An All-American team is an honorary sports team for a specific season composed of the best amateur players at each position—who in turn are given the honorific "All-America" and typically referred to as "All-American athletes", or simply "All-Americans". Although the honorees generally do not compete together as a unit, the term is used in American team sports to refer to players who are selected by members of the national media.

The College Football All-America Team is an honor given annually to the best American college football players at their respective positions.

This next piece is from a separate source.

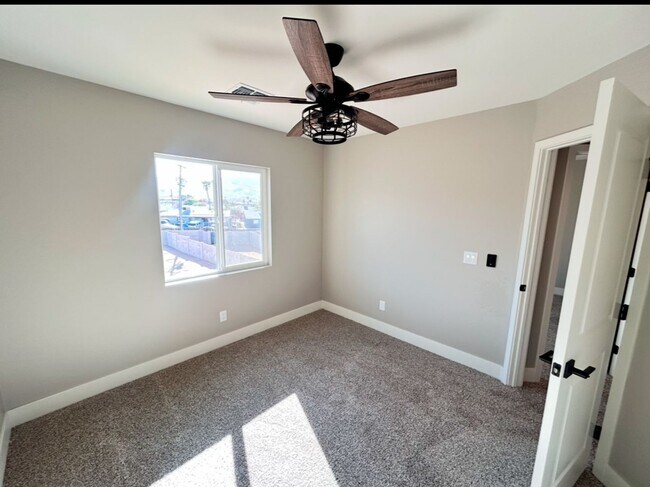 Building Photo - Beautiful New 3 Bedroom Phoenix home with Den/Loft! No HOA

The original All-America team was the 1889 College Football All-America Team selected by Caspar Whitney and Walter Camp.  In 1950, the National Collegiate Athletic Bureau, which is the National Collegiate Athletic Association's (NCAA) service bureau, compiled the first list of All-Americans including first-team selections on teams created for a national audience that received national circulation with the intent of recognizing selections made from viewpoints that were nationwide.  Since 1952, College Sports Information Directors of America (CoSIDA) has bestowed Academic All-American recognition on male and female athletes in Divisions I, II, and III of the NCAA as well as National Association of Intercollegiate Athletics athletes, covering all NCAA championship sports.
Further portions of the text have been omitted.